Data for the task:
·····
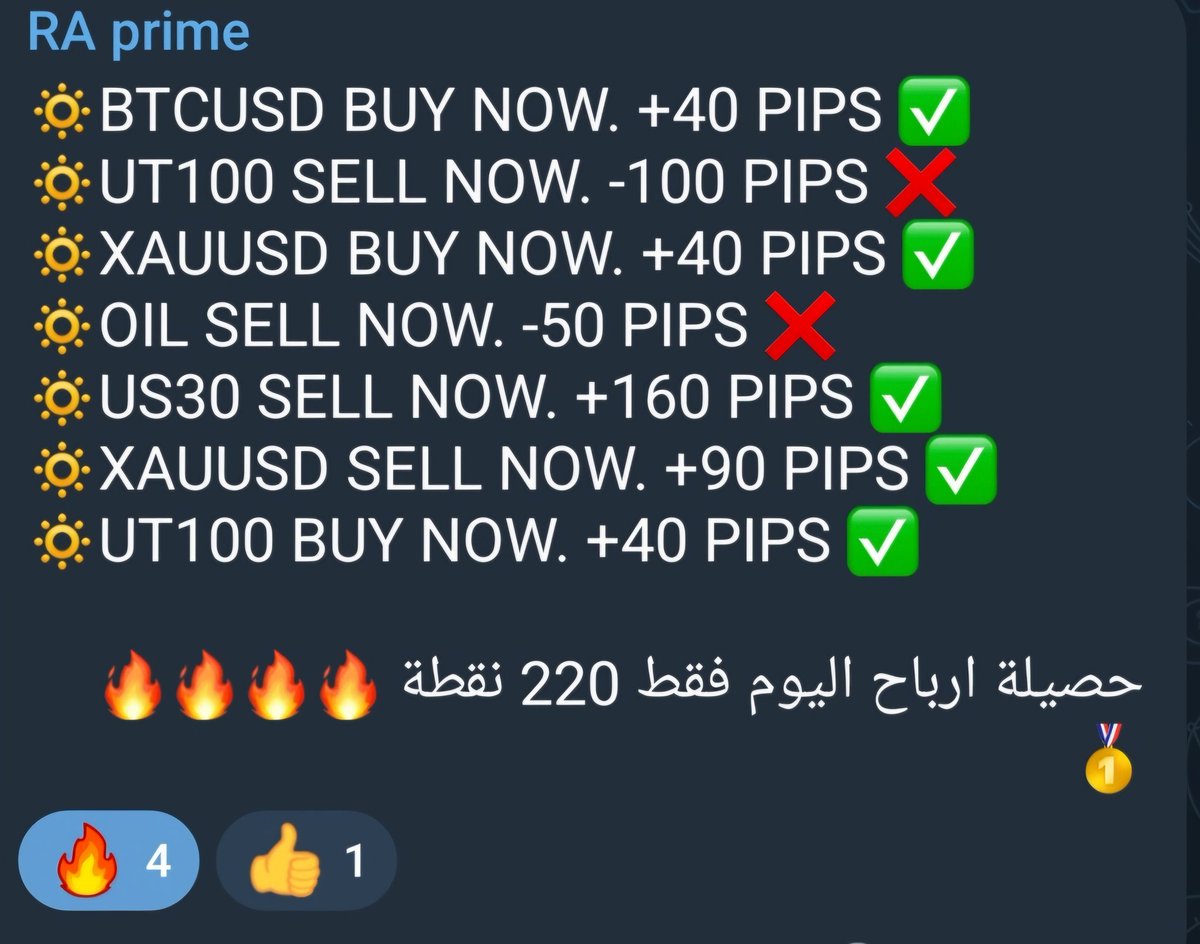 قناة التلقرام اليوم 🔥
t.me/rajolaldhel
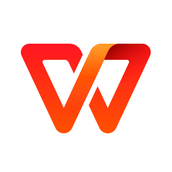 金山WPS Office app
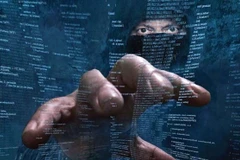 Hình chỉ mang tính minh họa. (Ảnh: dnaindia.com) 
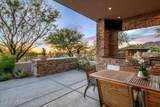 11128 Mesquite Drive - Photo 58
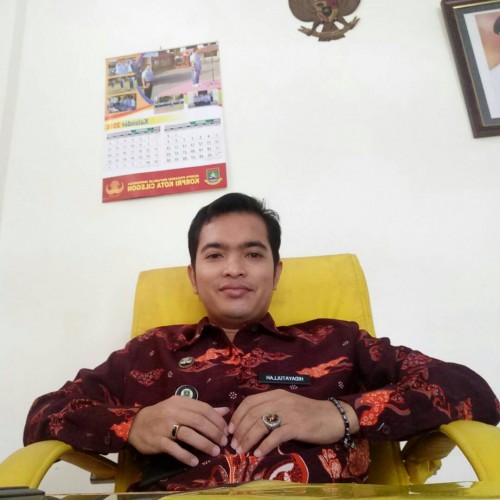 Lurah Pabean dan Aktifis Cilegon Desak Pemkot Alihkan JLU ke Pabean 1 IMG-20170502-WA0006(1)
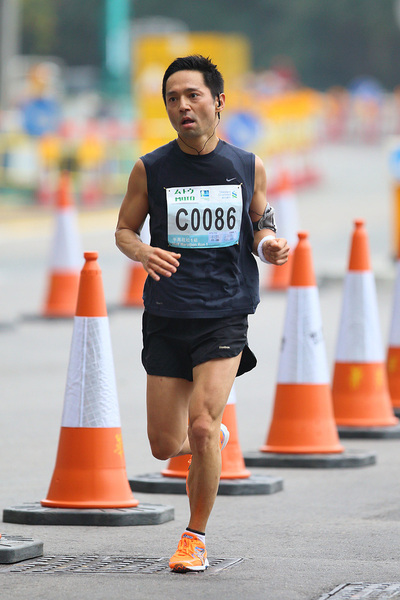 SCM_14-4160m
·····
The required output is an exact copy of the lines from the one with "11128 Mesquite Drive - Photo 58" through the final line of the data above, with pictures removed.

 11128 Mesquite Drive - Photo 58
 Lurah Pabean dan Aktifis Cilegon Desak Pemkot Alihkan JLU ke Pabean 1 IMG-20170502-WA0006(1)
 SCM_14-4160m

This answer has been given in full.